Abstract A water-stable cationic Fe based metal organic framework, CPM-97-Fe, was successfully synthesized in a large scale by a modified method (CPM: Crystalline Porous Materials). The adsorption behaviors, including removal efficiency, adsorption kinetics and isotherms of nine hazardous dyes in wastewater were investigated with different pH and organic solvents. The pseudo-second-order adsorption rate constant follows the order of Reactive Brilliant Red X-3B (X-3B, 0.0205 g mg−1 min−1) > Acid orange 7 (AO7, 0.0112 g mg−1 min−1) > Congo Red (CR, 0.0080 g mg−1 min−1) > Methylene Blue (MB, 0.0061 g mg−1 min−1) > Rhodamine B (RhB, 0.0049 g mg−1 min−1) > Croscein Scarlet 3B (CS3B, 0.0041 g mg−1 min−1) > Methyl Blue (MB, 0.0017 g mg−1 min−1) = New Coccine (NC, 0.0017 g mg−1 min−1) > Acid Black 1 (AB1, 0.0014 g mg−1 min−1). It is found that the adsorption quasi-equilibrium can reach quickly within 30 min, but the dyes with proper structure (i.e. proper distance between two sulfonic groups, less azo benzene hindrance effect, more reactive Cl groups, and more benzene rings), smaller molecular size, more negative charges, lower molecular mass favor the faster adsorption. The adsorption capacity obeys another sequence of CR (831 mg g−1) > X-3B (648 mg g−1) > AO7 (502 mg g−1) > MLB (380 mg g−1) > CS3B (356 mg g−1) > AB1 (325 mg g−1) > RhB (306 mg g−1) > MB (304 mg g−1) > NC (157 mg g−1). It is disclosed that CPM-97-Fe can adsorb more dyes with larger molecular mass, less negative charges, and a proper structure. Especially for Congo red, the adsorption capacity on CPM-97-Fe is 831 mgg−1, 8.1 times that on activated carbon (103 mgg−1). Even the adsorption capacities of very bulky Rhodamine B and Methyl Blue reach as high as 306 and 304 mgg−1, respectively, ranking the highest level among MOF materials.
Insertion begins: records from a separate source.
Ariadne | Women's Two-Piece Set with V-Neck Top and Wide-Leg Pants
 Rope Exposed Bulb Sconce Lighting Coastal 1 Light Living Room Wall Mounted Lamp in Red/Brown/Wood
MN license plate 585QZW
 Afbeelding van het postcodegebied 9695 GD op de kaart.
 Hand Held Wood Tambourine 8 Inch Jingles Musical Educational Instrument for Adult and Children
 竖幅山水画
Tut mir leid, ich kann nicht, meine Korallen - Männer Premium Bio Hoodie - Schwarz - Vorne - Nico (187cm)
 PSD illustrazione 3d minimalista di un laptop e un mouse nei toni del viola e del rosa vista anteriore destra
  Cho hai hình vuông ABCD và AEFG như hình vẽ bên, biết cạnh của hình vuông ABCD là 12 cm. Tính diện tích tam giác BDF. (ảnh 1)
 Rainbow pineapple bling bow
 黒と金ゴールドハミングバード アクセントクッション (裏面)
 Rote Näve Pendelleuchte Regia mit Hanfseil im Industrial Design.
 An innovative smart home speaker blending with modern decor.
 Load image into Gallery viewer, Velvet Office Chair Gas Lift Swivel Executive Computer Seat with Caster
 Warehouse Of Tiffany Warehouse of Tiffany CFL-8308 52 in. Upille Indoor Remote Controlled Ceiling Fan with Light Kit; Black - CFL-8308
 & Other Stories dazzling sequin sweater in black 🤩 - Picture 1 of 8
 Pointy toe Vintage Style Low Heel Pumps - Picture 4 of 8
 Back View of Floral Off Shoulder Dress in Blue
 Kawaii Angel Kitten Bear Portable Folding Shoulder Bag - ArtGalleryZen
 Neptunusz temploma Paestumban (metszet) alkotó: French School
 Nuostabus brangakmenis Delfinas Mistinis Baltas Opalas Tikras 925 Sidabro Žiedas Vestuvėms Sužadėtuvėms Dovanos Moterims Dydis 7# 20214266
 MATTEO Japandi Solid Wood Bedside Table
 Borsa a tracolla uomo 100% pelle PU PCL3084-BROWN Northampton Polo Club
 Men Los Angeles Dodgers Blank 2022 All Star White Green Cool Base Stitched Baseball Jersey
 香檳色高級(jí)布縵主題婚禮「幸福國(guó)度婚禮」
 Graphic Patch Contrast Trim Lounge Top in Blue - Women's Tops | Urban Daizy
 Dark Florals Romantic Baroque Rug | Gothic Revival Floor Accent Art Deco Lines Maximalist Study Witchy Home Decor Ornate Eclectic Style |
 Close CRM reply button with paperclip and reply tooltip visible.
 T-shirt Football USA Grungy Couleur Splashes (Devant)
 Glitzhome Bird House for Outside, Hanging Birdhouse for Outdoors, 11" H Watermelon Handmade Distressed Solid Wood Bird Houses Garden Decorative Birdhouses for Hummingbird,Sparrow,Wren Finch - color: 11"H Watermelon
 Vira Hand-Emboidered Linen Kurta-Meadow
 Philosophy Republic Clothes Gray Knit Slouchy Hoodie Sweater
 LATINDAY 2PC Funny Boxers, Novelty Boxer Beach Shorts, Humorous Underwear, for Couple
The special structure of CPM-97-Fe with big open windows and high specific surface area of 1397.0 m2 g-1 contributes to the fast adsorption and high capacity towards all investigated dyes via the host-guest encapsulation mechanism including electrostatic interaction, ion exchange, π-π stacking interaction, as well as pore filling.